そうして用意した朝食を前に日々の感謝を想っていると、妹が起きてきた。
「おはよう。お兄ちゃん」
「おはよう。朝食は出来ているから、早く顔を洗っておいで」
「はーい」
庭に出ていった妹を見送ると、戻ってくるまでに今日の予定を思い出す。といっても、それほどやる事がある訳でもないが。
「まずは教会に顔を出さないとな」
この町の住民は少ない。俺と妹を入れても八人しかいない。残りの六人は教会の方に住んでいる。
「その後は訓練場に行って、訓練後は森に行ってみるか」
今日一日の予定を思い出したところで、妹が庭から戻ってくる。
「お腹空いた~」
「じゃあ食べようか」
「うん」
「「日々の糧をお恵み下さるれい様に感謝を」」
元々神など信じていなかったが、この世界には本物が居る。それに、実際れい様が果実と井戸を恵んでくださらなかったら、数日で俺達は死んでいただろう。
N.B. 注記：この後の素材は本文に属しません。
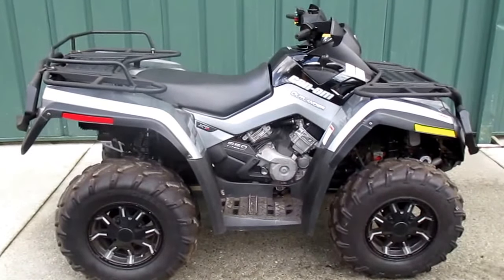You can check out this quad and all of our other inventory at superflymotorsports.com. Feel free to stop by 838 North Main Street, Thomaston, Connecticut. Or look us up at superflymotorsports.com and check us out on Twitter, Instagram, and Facebook at Superfly Motorsports. You can also give us a call at 860-283-4100.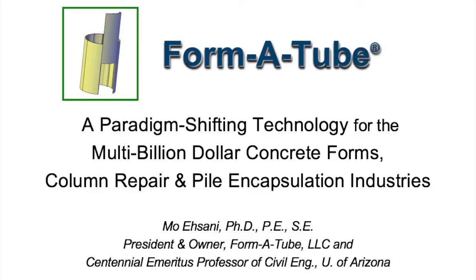Hello, my friends. My name is Mo Ehsani, and today I'm going to talk to you about my latest invention, a product called Formatube. Formatube is a game-changing technology for the multi-billion dollar concrete forms, concrete repair, and pile encapsulation industries.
なので、俺と妹は初めて食事をした日から常にれい様に感謝を捧げている。といっても、最初は名前も知らなかったので「管理者様に感謝を」と言っていたのだが。
朝食を口にしていく。食器類は元々この家に在ったので困っていないが、そろそろ自分達でも作れるようになりたいところ。木製であれば何とかならないかな? 木を伐りに行かなくとも薪があるし。
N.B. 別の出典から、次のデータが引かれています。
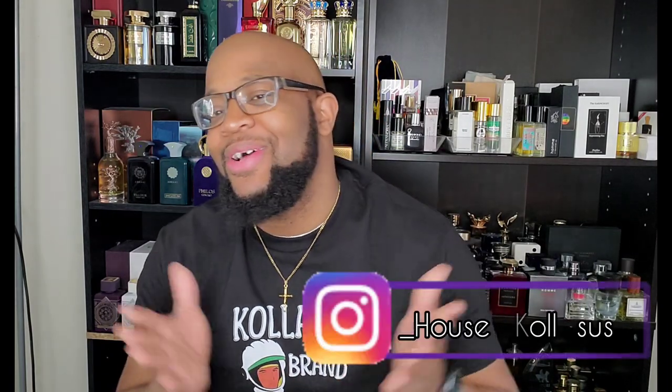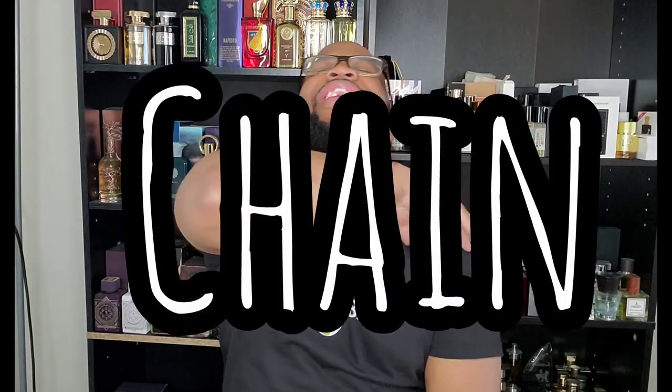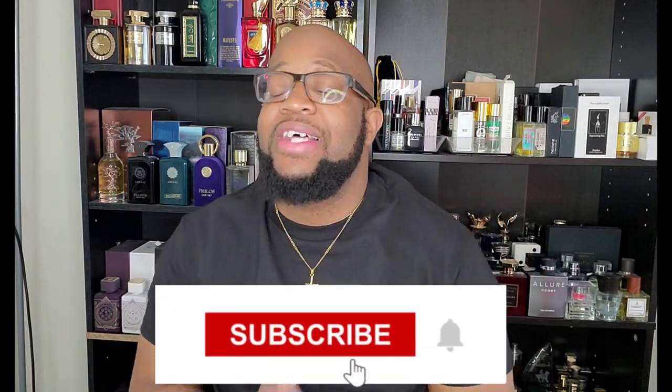What's up YouTube, it's your boy Jeremy here back again with another fragrance video. Hope you guys are doing absolutely amazing, hope you guys are in good health — and if you watch this channel, I know you are smelling good. This is House of Colossus, and this is what we do: we have ourselves a good time discussing the art of fragrance. Feel free to hit that subscribe button as well as the notification bell.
台所に積まれている薪は無くならない。これもまたれい様のおかげで、自力で薪が問題なく調達出来るようになるまでは減らないらしい。今のところは木の一本ぐらいなら伐採出来るが、それも中々命懸けなうえに、なにより伐採した木を森から町へと運ぶのが難しかった。よって、未だに薪は減る事はない。
「本当に感謝しかないな」
「ん?」
朝食を食べながら思わず零してしまった言葉に、妹が首を傾げた。
「れい様は偉大だな、という話」
「何を今更」
俺の言葉に、妹は呆れた顔をする。まぁ、確かに今更ではあるが。
「まぁな」
それからは黙々と朝食を食べると、片付けまで済ませる。
「今日も教会に行くんでしょう?」
「勿論」
ニマニマと嫌らしい笑みを浮かべた妹に問われるも、それももう慣れたので普通に返す。
「それで、いつになったら二人は一緒に住むの? 家は用意してくださるって話だったでしょう?」
「メイマネ様はそう仰っていたな」
「なら、さっさと一緒に住めばいいのに。あっちの子供達も大きくなったんだし、もうお義姉ちゃんがお世話しなくても問題ないでしょう」
「それはそうだけどさ……」
「心配しなくても、教会の近くに家を貰えばいいんだから。いくら競争相手が居ないからってモタモタするのもどうかと思うよ」
「…………まぁ、うん」
「本当、ちゃんと考えなよ」
呆れと焦れったさでも感じているのか、少し苛立たしげにそう言うと、妹はさっさと外に出ていった。俺もその後に続いて外に出た。